One of the funniest moments of the 2016 campaign came when Donald Trump flew to Scotland to celebrate the grand re-opening of the historic Turnberry golf resort, which he’d bought three years earlier.
The ceremony took place shortly after the UK voting to leave the European Union, and Trump used the occasion to take a victory lap.
Just arrived in Scotland. Place is going wild over the vote. They took their country back, just like we will take America back. No games!
— Donald J. Trump (@realDonaldTrump) June 24, 2016
That didn’t sit well with Scottish Twitter, who viciously trolled him into submission. After all, Scotland voted in a landslide–62 percent–to remain in the EU.
Well, Scotland just humiliated Trump again. Two days before Christmas, the Scottish government announced that Trump Turnberry would no longer be eligible for a massive tax break it received earlier in the year.
Back in February, Scottish finance secretary Derek Mackay introduced measures to limit tax increases in the hospitality sector. It was intended to help struggling restaurants, hotels, and pubs deal with the first major revaluation of the taxable rate–or “rateable rate,” as it’s called in the UK–in seven years.
But earlier this year, Scots were up in arms when it was discovered that Trump Turnberry qualified for £109,530 in tax relief–equivalent to $147,000. This was because the tax relief scheme was based on whether the property met the definition of a hospitality property, not on how much it earned.
That didn’t sit well with Patrick Harvie, a Green member of the Scottish Parliament, who called it “galling” that Scottish taxpayers were giving Trump “a helping hand.” Martin Ford, a councillor in Aberdeenshire and longtime Trump foe, was equally disgusted that the Scottish taxpayer was effectively being asked to “enhance Mr. Trump’s bank balance.”
Mackay got the message loud and clear. His draft budget requires properties to have a taxable value of £1.5 million–a little over $2 million. Trump Turnberry has a taxable value of £1.6 million, or $2.1 million–just a few hundred thousand dollars over the cutoff.

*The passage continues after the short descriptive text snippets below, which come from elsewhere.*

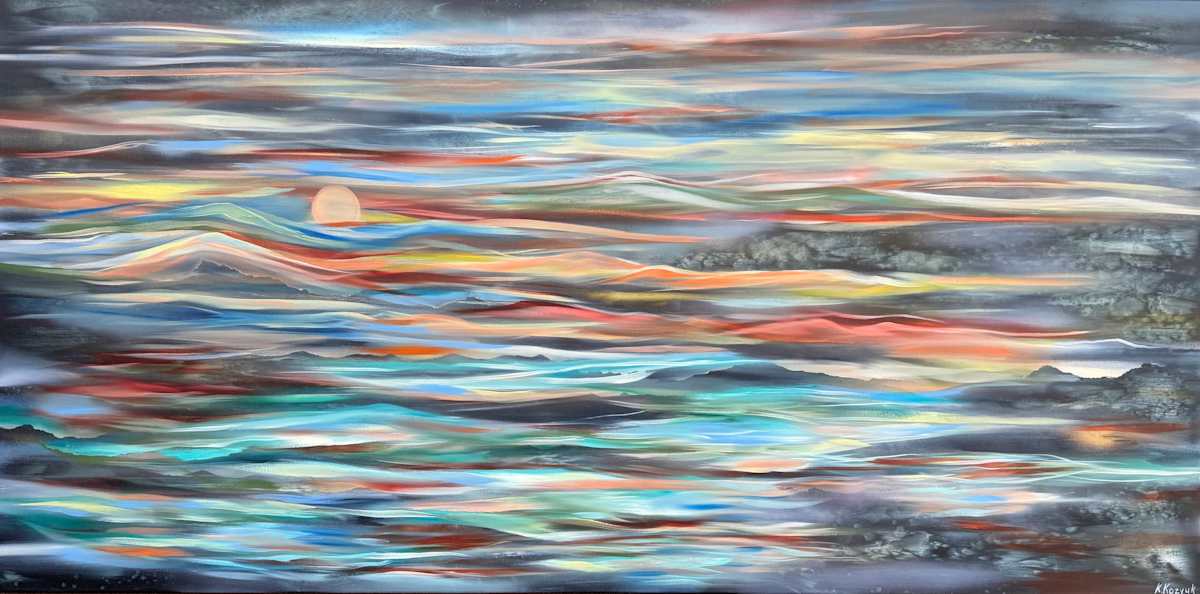 White Nights II by Khrystyna Kozyuk 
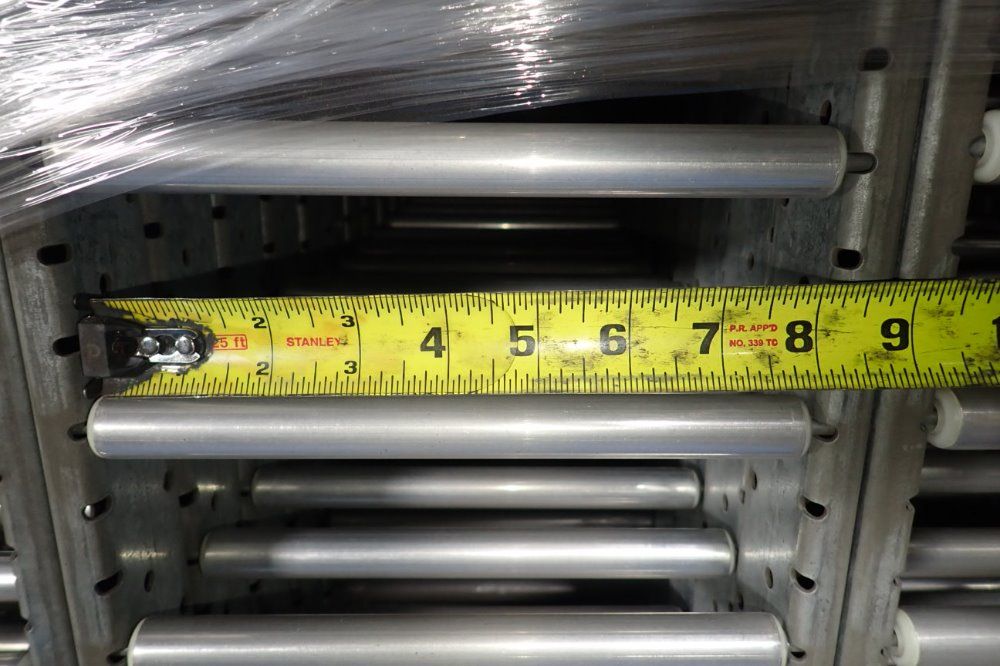 Span-track 8" X 54" Roller Conveyors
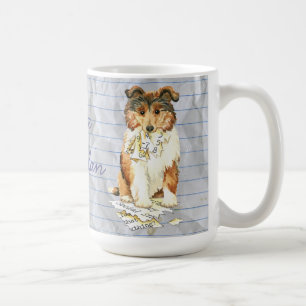 My Collie Ate My Lesson Plan Coffee Mug
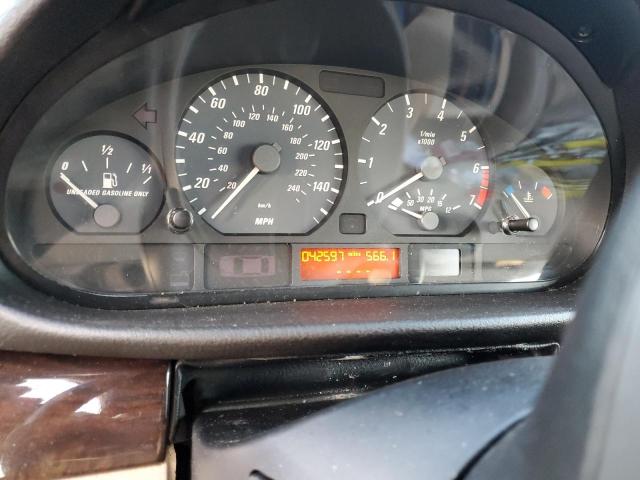 Photo 9 from auction – 2001 BMW 325 CI with VIN WBABS33461JY51084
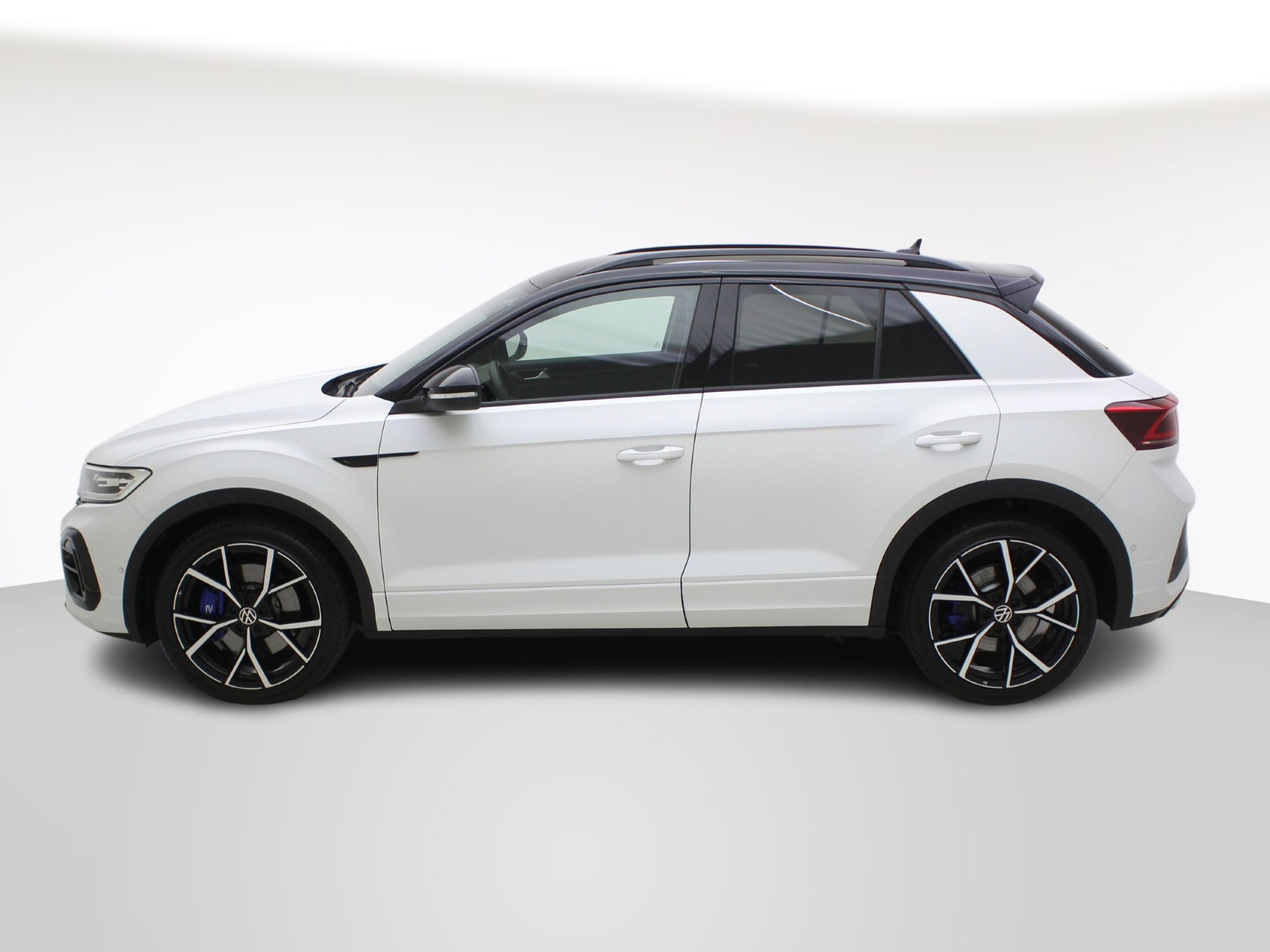 VW T-Roc 2.0 TSI DSG R Black Style 4Motion ** M3-Folierung Satin Glip Ghost Pearl **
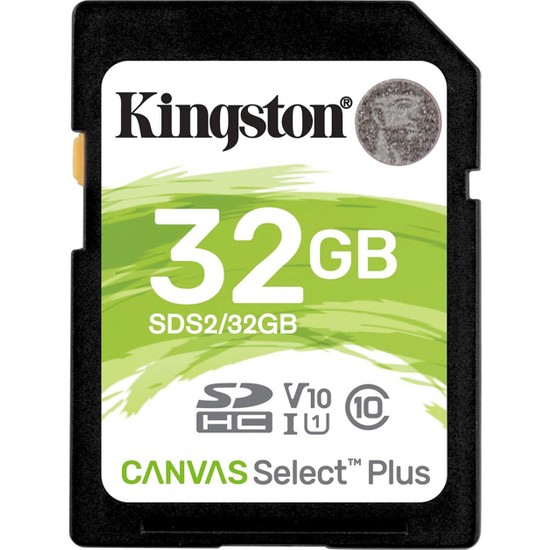 Карта памяти microsd kingston 32gb canvas select plus промо okko sdcs2ok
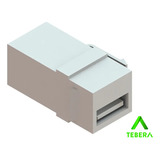 Keystone Usb 2.0 Branco Tebera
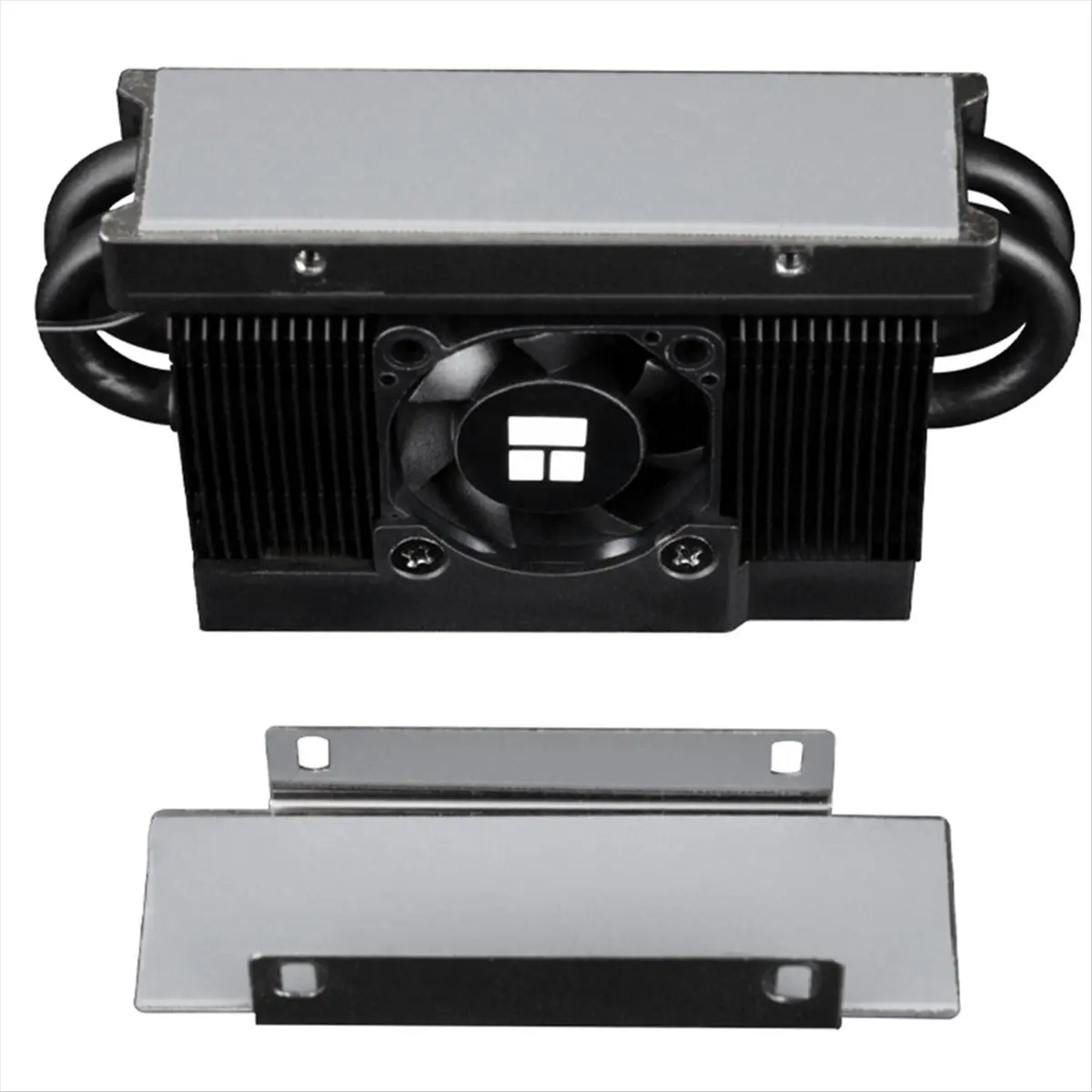 

-10 2280 PRO DIGITAL M.2SSD Solid State Drive Digital Display Heat Sink,4X5mm Heat Pipes/3cm Fan/Support PCI-E5.0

The change was a veiled swipe at Trump, who is manifestly unpopular in Scotland. The government believes that Trump is “well able to manage” under the circumstances, and made clear that the tax relief was intended for “smaller firms who most need help in tough economic circumstances.”
It’s not the first time Trump has gotten into a brouhaha with the Scottish government. Earlier, he loudly opposed then-First Minister Alex Salmond’s plan for a wind farm near his golf course in Aberdeenshire. In response, Salmond drew the same conclusion as a lot of us here in the States–that Trump is “a Peter Pan.”
Fittingly, this move took place just hours after Trump signed the tax reform bill into law. So not long after Trump gave a huge gift to his fellow one-percenters, Scotland clawed back a major giveaway he’d received earlier in the year.
At least someone was willing to put Trump in his place this year. Well played, Scotland. Very well played.